_Data in this exercise:_
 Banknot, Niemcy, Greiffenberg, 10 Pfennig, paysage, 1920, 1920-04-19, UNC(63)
* * *
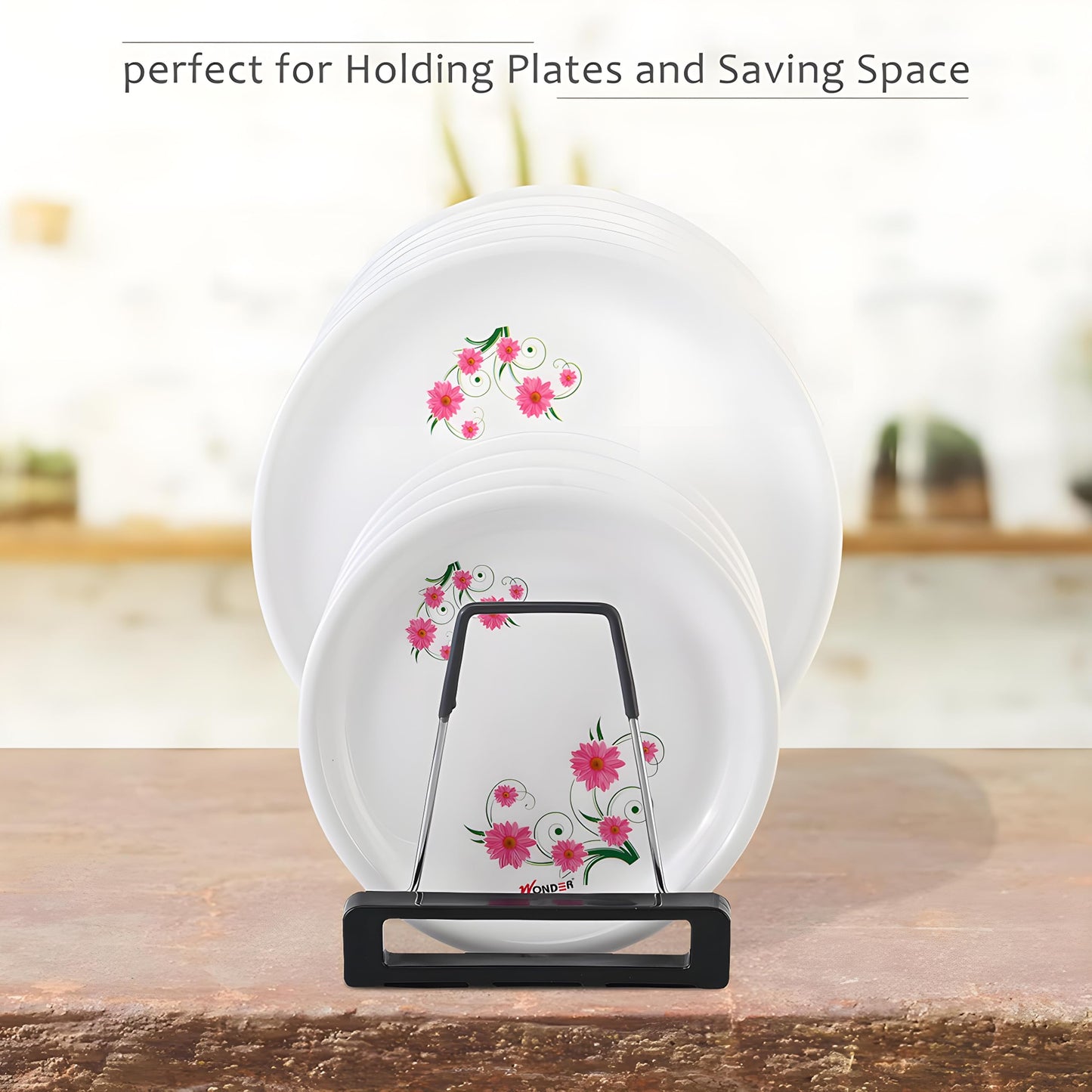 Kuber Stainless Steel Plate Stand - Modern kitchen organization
==
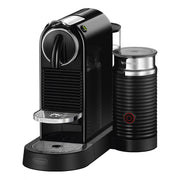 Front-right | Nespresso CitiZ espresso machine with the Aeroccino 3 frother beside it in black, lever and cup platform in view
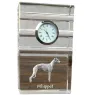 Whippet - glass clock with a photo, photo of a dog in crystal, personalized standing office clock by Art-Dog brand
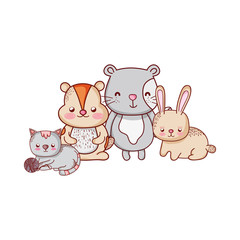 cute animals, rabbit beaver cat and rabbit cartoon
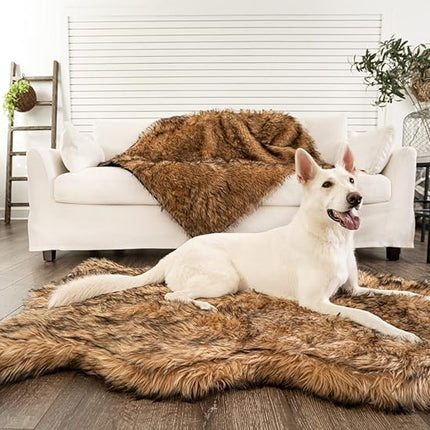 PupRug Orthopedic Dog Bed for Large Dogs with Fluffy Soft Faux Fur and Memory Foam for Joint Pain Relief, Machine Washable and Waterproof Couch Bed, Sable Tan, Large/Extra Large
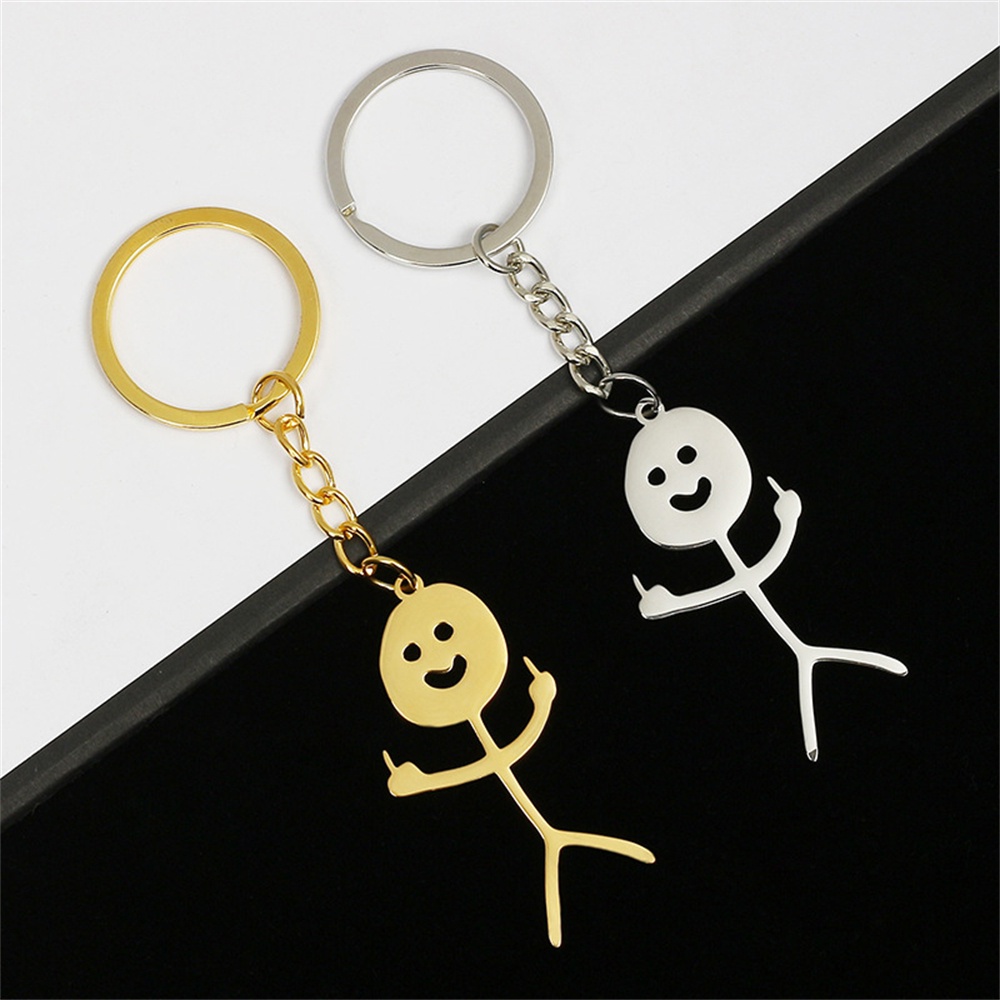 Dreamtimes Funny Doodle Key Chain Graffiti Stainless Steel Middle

_Directions for this task:_ Keep to the stretch from the line containing "PupRug Orthopedic Dog" through the line containing "Dreamtimes Funny Doodle", both ends included, and copy it exactly from the listing above, minus the pictures.

_Task solution:_
 PupRug Orthopedic Dog Bed for Large Dogs with Fluffy Soft Faux Fur and Memory Foam for Joint Pain Relief, Machine Washable and Waterproof Couch Bed, Sable Tan, Large/Extra Large
 Dreamtimes Funny Doodle Key Chain Graffiti Stainless Steel Middle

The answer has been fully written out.